Previously I wrote about how Bino, my 20″ folding bike, interacted with my Minoura LiveRide LR340 turbo trainer. Officially, with the Z-adapter installed, Minoura says it can support a bike with 24″ wheels, and this became apparent when the threaded shaft on the adjustment knob simply ran out of room to squeeze against Bino’s 20″ x 1.75″ Impac Streetpac tire.
Another issue I ran into was the much greater amount of rubber dust particles generated by the smaller wheels. Because the circumference of the 20″ x 1.75″ tire is smaller, it goes through more revolutions at a given road speed compared to Hyro’s 700C x 28 mm or 700C x 32 mm rubber…which directly translates to much faster wear. The rubber dust particles themselves fly out over a larger area because the wheel is suspended much higher off the floor, making cleanup a chore.

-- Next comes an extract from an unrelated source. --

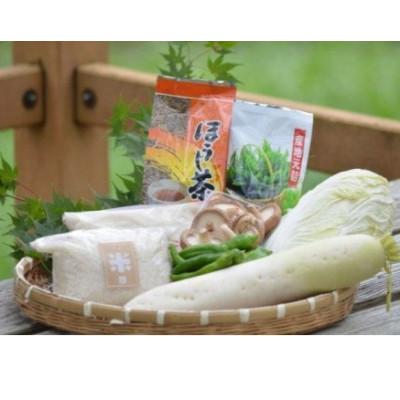 ふるさと納税 南山城村 産地直送!南山城村ふるさと味わいセットB【村のお野菜・お茶・お米】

So, I had two issues that need resolution.
I took a page out of Steve’s playbook and fashioned an extension for the adjustment knob’s threaded shaft, in order for the resistance roller to get more pressure against Bino’s rear tire. Basically I took a large brass dome nut and slipped it over the end of the adjustment knob shaft. It didn’t matter to me that the threads between these parts were incompatible with each other – all I needed was to give it a bit more length.
With the dome nut stuck on the end, I got more consistent and more positive pressure on the rear tire, and I was even able to reinstall the large cone spring that should have been there in the first place. This also opens up the option of using narrower tires for turbo trainer duty instead of being stuck with the 1.75″ width option. Schwalbe’s full-slick Kojak at 20″ x 1.35″, in particular, is a good candidate, although I might need to swap to a bigger nut.
Addressing the problem of rubber dust particles was even simpler. All that took was a large cardboard box. Every time I use the turbo trainer, I basically put the cardboard box as close to the rear wheel and resistance unit as possible, so it catches all the rubber that gets flung off. The box flaps rest on the rear fender so there’s no rubbing anywhere.
These two simple hacks solved my problems. They’re not going to do much about the accelerated actual tire wear, though – that’s just a fact of life when using a small-wheeled bicycle on a turbo trainer, I guess.